Sleep research targets newborns

Study finds ways for tired new moms to get extra 57 minutes (Dec. 1, 2006)

Interrupted sleep — a chronic nightmare for new mothers — may be eased by almost an hour a night with new University of Toronto research being published today.

Researchers in the school's nursing faculty have found a set of simple tips can help train newborns to recognize the difference between night and day, and add an average of 57 minutes of sleep to a mother's night within six weeks of birth.

"It's tough to be a new mom, but it's even tougher to be a new mom without as much sleep as you're used to," says lead researcher Robyn Stremler. "We have tips and strategies that will really improve how much sleep (a mother) is going to get and to help her work with her infant to sleep better."

Stremler's paper will appear today in the journal Sleep, which is published by the American Academy of Sleep Medicine.

Known as Tips for Infant and Parent Sleep — or TIPS — it involves a 45-minute information meeting with a maternity nurse, an 11-page pamphlet and weekly phone calls to discuss problems and reinforce sleep strategies.

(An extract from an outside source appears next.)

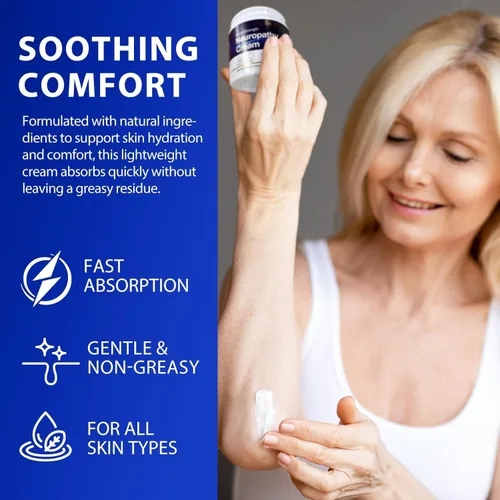 Vista 2 de Crema extra fuerte para alivio de neuropatía, 4.23 onzas, enriquecida con aceites esenciales de romero, eucalipto y lavanda, crema de gel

The U of T team recruited 60 new mothers to test the program. One half received the full TIPS training course, while the remaining 30 were given minimal sleep information. The mothers then kept daily journals recording their sleep experience. Those with the TIPS training averaged 57 minutes more sleep a night than those without the help.

As well, the babies of the mothers in the sleep intervention group averaged 47 minutes more sleep a night than their newborn counterparts in the control group.

The program techniques are generally simple and include:

1) Learning to recognize when a baby is sleepy.

2) Relaxation and deep breathing techniques that help women fall back to sleep after feedings.

3) Going to bed earlier, with the baby, and going back to sleep in the morning if the infant does.

To help infants recognize day and night, Stremler says mothers should refrain from "bouncy" play with the baby in the evening and keep the lights low at night and brighter during the day.

"Babies are going to sleep throughout the day and night. We're not going to change that radically," Stremler says. "But we've shown with this package of tips they can start to sleep for longer stretches at night and wake up less frequently at night."

Stremler hopes to expand her study next year to some 234 mothers, and expand the social and ethnic diversity of the group.

She says an extra hour of sleep could help prevent some postpartum depressions and even general anxiety.

"We know in healthy adults — even a chronic sleep deprivation to six hours a night — we really see effects on people's moods. Their cognitive performance and their physical well-being really goes down," she says.

"An extra hour sleep would mean a lot," says Ariana Birnbaum, co-founder of Becoming Maternity and Parenting Centre in Toronto and the mother of a 3 1/2-week-old girl.

Birnbaum, whose organization runs training programs for parents from pregnancy through to toddlerhood, says 90 per cent of her clients complain of sleep deprivation. The Eglinton Ave. and Avenue Rd. centre charges $150 for a private sleep consultation package.

Birnbaum says there are a host of strategies such as swaddling infants available to help parents deal with wakeful babies.

"We've been fairly successful in typically doubling the stretches (of sleep), so people who have two hours can get four hours."

Stremler says her dream is to make sleep information as ubiquitous in hospitals as breast-feeding training is today.